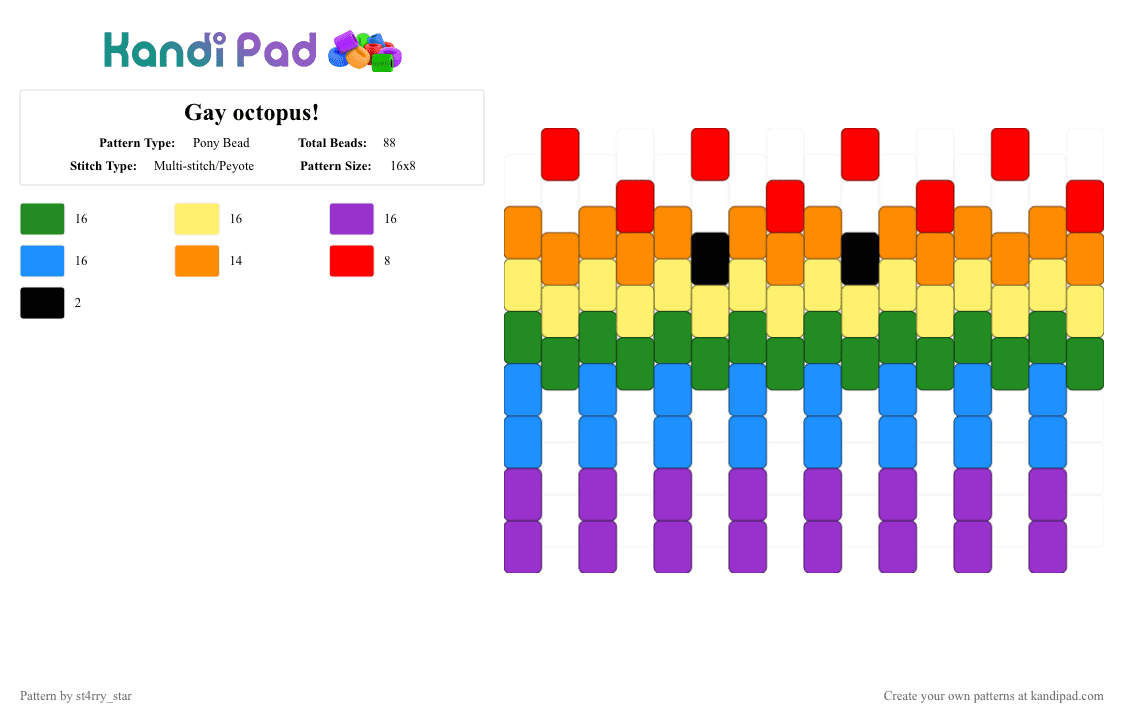 Gay octopus! - Pony Bead Pattern by ch4os_gr3ml1n on Kandi Pad - yellow,purple,colorful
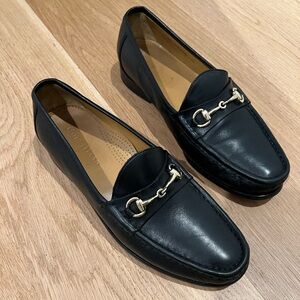 Cole Haan Black Leather Loafers with Gold horse bit detail - Ascot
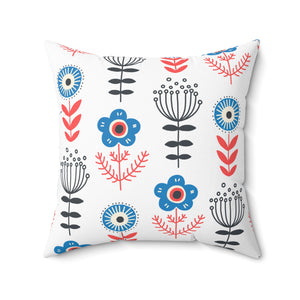 Folk Blooms Square Pillow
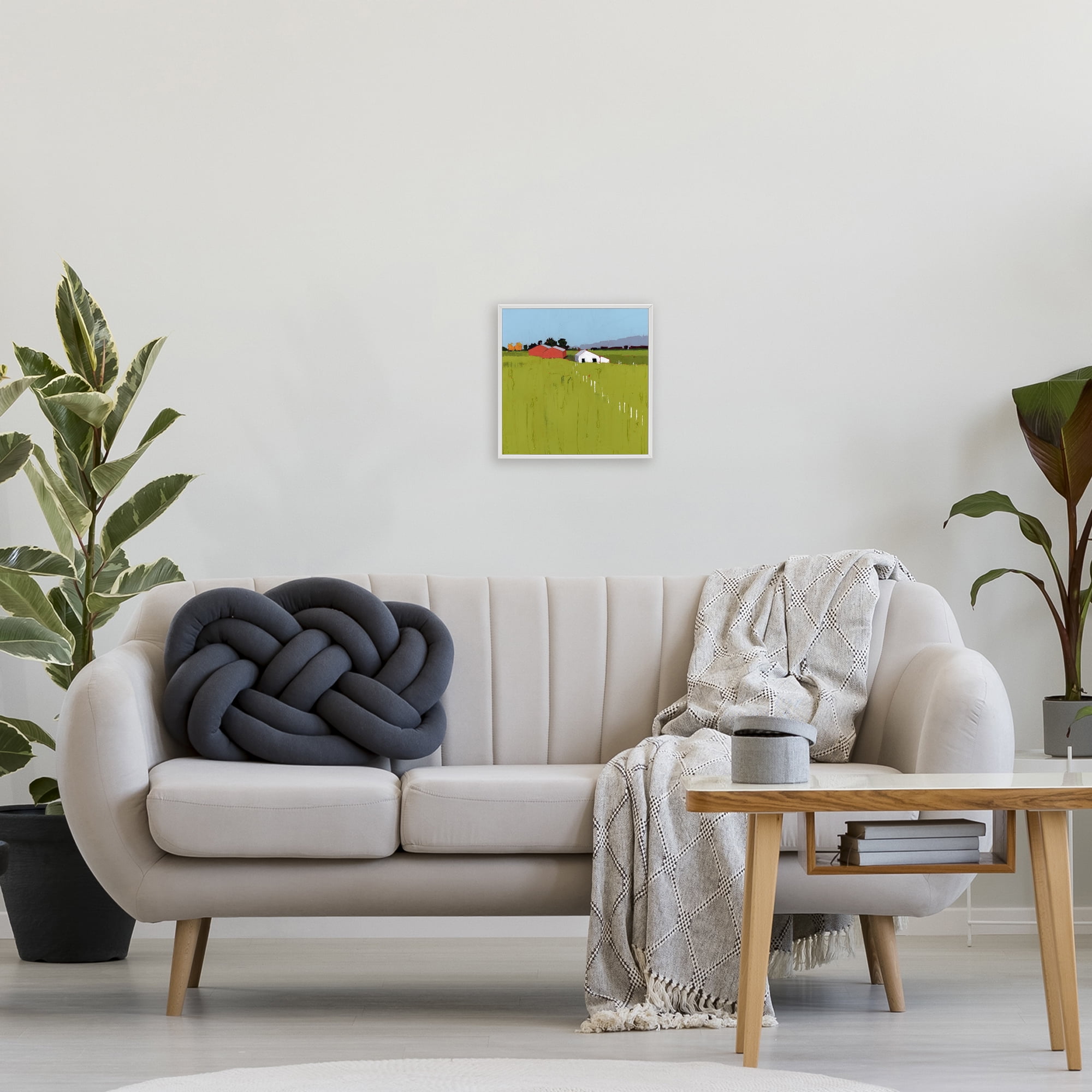 Pastoral Fence Line White Framed Giclee Art, design by Ruth LaGue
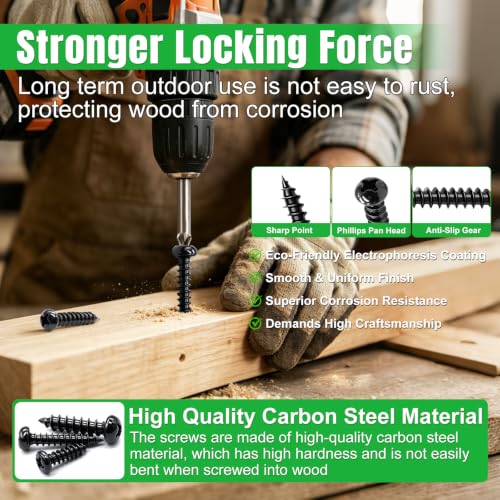 Twidec/685PCS Wood Screws Kit,M2 M3 M4 Black Phillips Pan Head Self-Tapping - size: 685PCS
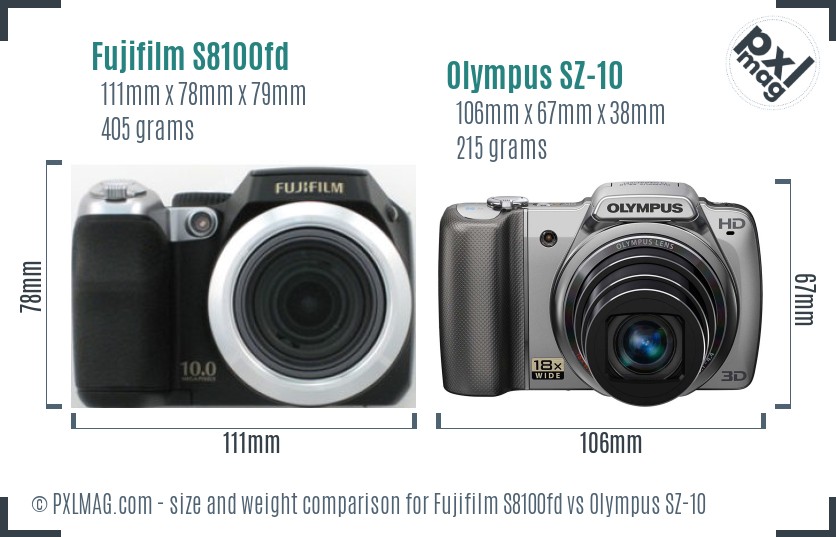 Fujifilm S8100fd vs Olympus SZ-10 size comparison Fujifilm S8100fd vs Olympus SZ-10 size comparison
#####
WHAT THE EXERCISE ASKS: When you reproduce the entries above, keep every word exact and leave the images out.

ANSWER SECTION:
 Gay octopus! - Pony Bead Pattern by ch4os_gr3ml1n on Kandi Pad - yellow,purple,colorful
 Cole Haan Black Leather Loafers with Gold horse bit detail - Ascot
 Folk Blooms Square Pillow
 Pastoral Fence Line White Framed Giclee Art, design by Ruth LaGue
 Twidec/685PCS Wood Screws Kit,M2 M3 M4 Black Phillips Pan Head Self-Tapping - size: 685PCS
 Fujifilm S8100fd vs Olympus SZ-10 size comparison Fujifilm S8100fd vs Olympus SZ-10 size comparison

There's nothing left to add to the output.